Lidia Maksymowicz says she and pontiff ‘understood each other with a glance’ as Francis silently embraced the 80-year-old Polish citizen

Pope Francis talks with Lidia Maksymowicz, a Holocaust survivor, who was prisoner in the Auschwitz-Birkenau extermination camp, before leaving San Damaso Courtyard at the Vatican for his weekly general audience, May 26, 2021. (AP Photo/Alessandra Tarantino)
Pope Francis talks with Lidia Maksymowicz, a Holocaust survivor, who was prisoner in the Auschwitz-Birkenau extermination camp, before leaving San Damaso Courtyard at the Vatican for his weekly general audience, May 26, 2021. (AP Photo/Alessandra Tarantino)

Pope Francis has kissed the tattoo of an Auschwitz survivor during a general audience on Wednesday.

Lidia Maksymowicz, 80, a Polish citizen who was deported to Auschwitz from her native Belarus by the age of 3, showed the pope the number tattooed on her arm by the Nazis, and Francis leaned over and kissed it.

Maksymowicz told Vatican News that she didn’t exchange words with the pope.

“We understood each other with a glance,” she said.

Maksymowicz has participated in events sponsored by Sant’Egidio aimed at educating youth about the Holocaust. She spent three years in the children’s area of the camp, and was subjected to experiments by Josef Mengele, known as the “Angel of Death.” When the camp was freed, she was taken in by a Polish family.

Pope Francis talks with Lidia Maksymowicz, a Holocaust survivor, who was prisoner in the Auschwitz-Birkenau extermination camp before leaving San Damaso Courtyard at the Vatican for his weekly general audience, May 26, 2021. (AP Photo/Alessandra Tarantino)

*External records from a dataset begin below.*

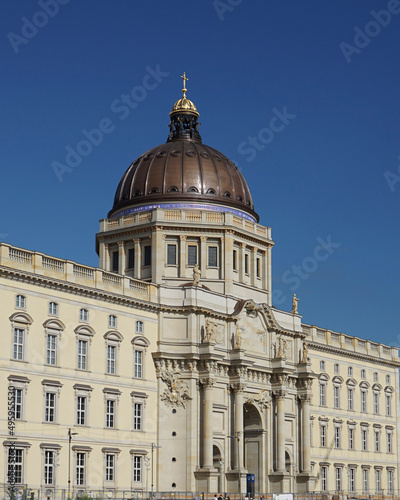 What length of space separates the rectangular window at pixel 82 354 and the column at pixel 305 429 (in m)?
30.7

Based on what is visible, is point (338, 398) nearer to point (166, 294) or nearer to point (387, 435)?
point (387, 435)

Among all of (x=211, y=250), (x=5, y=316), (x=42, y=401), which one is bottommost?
(x=42, y=401)

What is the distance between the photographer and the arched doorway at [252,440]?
301ft

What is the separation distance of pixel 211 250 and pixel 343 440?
29.1m

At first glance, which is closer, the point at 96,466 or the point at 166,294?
the point at 96,466

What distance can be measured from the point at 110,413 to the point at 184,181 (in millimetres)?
29440

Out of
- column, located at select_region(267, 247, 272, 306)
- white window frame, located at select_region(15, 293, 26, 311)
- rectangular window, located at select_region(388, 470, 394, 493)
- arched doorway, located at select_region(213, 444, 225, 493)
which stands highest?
column, located at select_region(267, 247, 272, 306)

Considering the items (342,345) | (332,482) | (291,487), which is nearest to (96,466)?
(291,487)

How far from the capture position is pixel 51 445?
71.1 meters

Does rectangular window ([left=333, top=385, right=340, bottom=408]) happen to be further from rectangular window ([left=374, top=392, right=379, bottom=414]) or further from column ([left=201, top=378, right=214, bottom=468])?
column ([left=201, top=378, right=214, bottom=468])

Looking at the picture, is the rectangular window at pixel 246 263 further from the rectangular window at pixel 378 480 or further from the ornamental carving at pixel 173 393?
the rectangular window at pixel 378 480

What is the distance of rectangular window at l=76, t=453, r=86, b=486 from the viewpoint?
73.3m

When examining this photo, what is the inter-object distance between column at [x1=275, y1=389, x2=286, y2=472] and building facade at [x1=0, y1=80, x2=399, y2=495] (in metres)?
0.14

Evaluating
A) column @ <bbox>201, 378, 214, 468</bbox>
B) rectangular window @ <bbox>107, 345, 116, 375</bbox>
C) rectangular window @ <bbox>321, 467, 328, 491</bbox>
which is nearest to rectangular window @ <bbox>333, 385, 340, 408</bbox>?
rectangular window @ <bbox>321, 467, 328, 491</bbox> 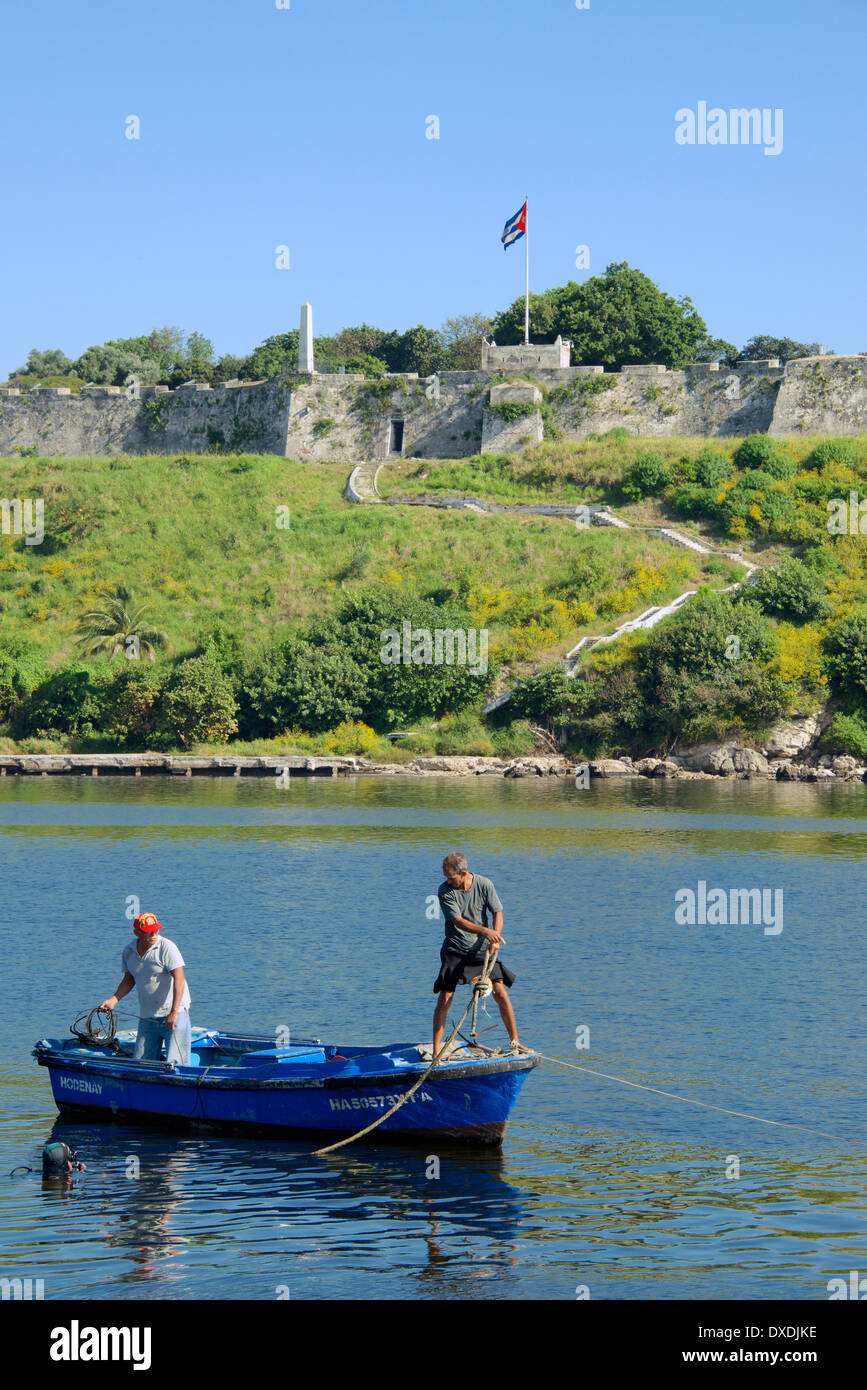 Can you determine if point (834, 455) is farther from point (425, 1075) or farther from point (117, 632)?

The pope has paid tribute to Holocaust survivors in the past, including a 2014 visit to Yad Vashem Holocaust Memorial in Israel and a visit in February to the Rome apartment of a survivor, 88-year-old Hungarian-born writer and poet Edith Bruck.

The Vatican said that during that hour-long visit, Francis told her: “I came to thank you for your witness and to pay homage to the people martyred by the craziness of Nazi populism.”

“And with sincerity, I repeat the words I pronounced from my heart at Yad Vashem, and that I repeat in front of every person who, like you, suffered so much because of this: ‘Forgive, Lord, in the name of humanity,’” the pontiff told Bruck, according to the Vatican’s account of the private meeting.